Farré-Lladós, Josep, Casals-Terré, Jasmina, Voltas, Jordi, Westerberg, Lars-Göran, and Luleå tekniska universitet, Institutionen för teknikvetenskap och matematik, Strömningslära och experimentell mekanik
Rapid prototyping journal. 22(1):67-76
Engineering and Technology, Mechanical Engineering, Fluid Mechanics and Acoustics, Teknik och teknologier, Maskinteknik, Strömningsmekanik och akustik, Strömningslära, and Fluid Mechanics
Purpose– This paper aims to present a new methodology to manufacture micro-channels suitable for high operating pressures and micro particle image velocimetry (μPIV) measurements using a rapid-prototyping high-resolution 3D printer. This methodology can fabricate channels down to 250 μm and withstand pressures of up to 5 ± 0.2 MPa. The manufacturing times are much shorter than in soft lithography processes. Design/methodology/approach– The novel manufacturing method developed takes advantage of the recently improved resolution in 3D printers to manufacture an rapid prototyping technique part that contains the hose connections and a micro-channel useful for microfluidics.
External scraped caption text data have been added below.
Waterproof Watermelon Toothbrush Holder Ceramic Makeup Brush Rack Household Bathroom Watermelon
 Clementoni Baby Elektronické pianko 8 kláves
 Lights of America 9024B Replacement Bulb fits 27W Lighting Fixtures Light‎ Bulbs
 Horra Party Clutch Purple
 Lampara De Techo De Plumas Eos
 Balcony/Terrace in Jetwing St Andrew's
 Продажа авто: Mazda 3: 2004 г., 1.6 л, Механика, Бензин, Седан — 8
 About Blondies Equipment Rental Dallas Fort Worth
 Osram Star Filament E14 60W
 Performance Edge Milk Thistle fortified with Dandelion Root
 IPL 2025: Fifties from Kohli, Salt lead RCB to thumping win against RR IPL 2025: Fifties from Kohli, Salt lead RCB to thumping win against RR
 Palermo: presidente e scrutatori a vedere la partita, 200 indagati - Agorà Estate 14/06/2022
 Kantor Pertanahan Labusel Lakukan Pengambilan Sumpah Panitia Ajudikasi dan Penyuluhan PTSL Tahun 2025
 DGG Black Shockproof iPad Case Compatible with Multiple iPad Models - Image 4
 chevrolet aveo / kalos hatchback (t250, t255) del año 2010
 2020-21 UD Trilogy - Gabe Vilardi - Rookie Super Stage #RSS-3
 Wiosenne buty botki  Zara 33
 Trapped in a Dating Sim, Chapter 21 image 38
A method to assemble one wall of the micro-channel using UV curable glue with a glass slide is presented – an operation required to prepare the channel for μPIV measurements. Once built, the micro-channel has been evaluated when working under pressure and the grease flow behavior in it has been measured using μPIV. Furthermore, the minimum achievable channels have been defined using a confocal microscopy study. Findings– This technique is much faster than previous micro-manufacturing techniques where different steps were needed to obtain the micro-machined parts. However, due to current 3D printers ' resolutions (around 50 μm) and according to the experimental results, channels smaller than 250-μm2 cross-section should not be used to characterize fluid flow behaviors, as inaccuracies in the channel boundaries can deeply affect the fluid flow behavior. Practical implications– The present methodology is developed due to the need to validate micro-channels using μPIV to lubricate critical components (bearings and gears) in wind turbines. Originality/value– This novel micro-manufacturing technique overcomes current techniques, as it requires less manufacturing steps and therefore it is faster and with less associated costs to manufacture micro-channels down to 250-μm2 cross-section that can withstand pressures higher than 5 MPa that can be used to characterize microfluidic flow behavior using μPIV.